Applying the Fe(III) binding property of a chemical transferrin mimetic to Ti(IV) anticancer drug design.

As an endogenous serum protein binder of Ti(IV), transferrin (Tf) serves as an excellent vehicle to stabilize the hydrolysis prone metal ion and successfully transport it into cells. This transporting role is thought to be central to Ti(IV)'s anticancer function, but efforts to synthesize Ti(IV) compounds targeting transferrin have not produced a drug. Nonetheless, the Ti(IV) transferrin complex (Ti2Tf) greatly informs on a new Ti(IV)-based anticancer drug design strategy. Ti2Tf interferes with cellular uptake of Fe(III), which is particularly detrimental to cancer cells because of their higher requirement for iron. Ti(IV) compounds of chemical transferrin mimetic (cTfm) ligands were designed to facilitate Ti(IV) activity by attenuating Fe(III) intracellular levels.
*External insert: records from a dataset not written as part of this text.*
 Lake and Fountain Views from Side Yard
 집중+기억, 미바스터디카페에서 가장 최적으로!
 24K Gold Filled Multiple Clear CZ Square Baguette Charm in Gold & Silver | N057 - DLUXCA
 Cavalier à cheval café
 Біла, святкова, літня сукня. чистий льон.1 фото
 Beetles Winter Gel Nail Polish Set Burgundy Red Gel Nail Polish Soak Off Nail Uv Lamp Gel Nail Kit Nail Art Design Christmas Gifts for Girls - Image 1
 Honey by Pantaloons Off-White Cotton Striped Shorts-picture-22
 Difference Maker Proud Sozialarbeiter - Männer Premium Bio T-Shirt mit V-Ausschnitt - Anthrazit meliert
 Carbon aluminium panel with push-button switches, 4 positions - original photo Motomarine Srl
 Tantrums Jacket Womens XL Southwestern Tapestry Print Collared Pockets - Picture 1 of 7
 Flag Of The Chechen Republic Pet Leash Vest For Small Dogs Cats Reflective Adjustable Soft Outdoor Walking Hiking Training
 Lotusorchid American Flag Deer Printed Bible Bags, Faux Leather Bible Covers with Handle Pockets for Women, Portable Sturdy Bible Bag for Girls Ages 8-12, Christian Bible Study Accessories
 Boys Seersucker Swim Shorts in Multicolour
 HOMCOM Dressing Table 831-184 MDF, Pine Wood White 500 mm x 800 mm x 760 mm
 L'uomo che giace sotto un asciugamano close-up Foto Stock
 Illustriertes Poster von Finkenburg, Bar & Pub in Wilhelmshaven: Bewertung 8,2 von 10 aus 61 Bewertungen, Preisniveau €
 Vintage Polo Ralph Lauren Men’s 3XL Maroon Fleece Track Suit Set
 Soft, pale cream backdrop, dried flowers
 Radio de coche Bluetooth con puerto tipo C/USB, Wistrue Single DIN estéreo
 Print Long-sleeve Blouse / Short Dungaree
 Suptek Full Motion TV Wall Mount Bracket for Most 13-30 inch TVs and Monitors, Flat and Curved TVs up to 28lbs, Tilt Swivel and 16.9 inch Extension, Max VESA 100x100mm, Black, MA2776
In having a higher affinity for Fe(III) than Ti(IV), these ligands feature the appropriate balance between stability and lability to effectively transport Ti(IV) into cancer cells, release Ti(IV) via displacement by Fe(III), and deplete the intracellular Fe(III) levels. The cTfm ligand N,N'-di(o-hydroxybenzyl)ethylenediamine-N,N'-diacetic acid (HBED) was selected to explore the feasibility of the design strategy. Kinetic studies on the Fe(III) displacement process revealed that Ti(IV) can be transported and released into cells by HBED on a physiologically relevant time scale. Cell viability studies using A549 cancerous and MRC5 normal human lung cells and testing the cytotoxicity of HBED and its Ti(IV), Fe(III), and Ga(III) compounds demonstrate the importance of Fe(III) depletion in the proposed drug design strategy and the specificity of the strategy for Ti(IV) activity. The readily derivatized cTfm ligands demonstrate great promise for improved Ti(IV) anticancer drugs.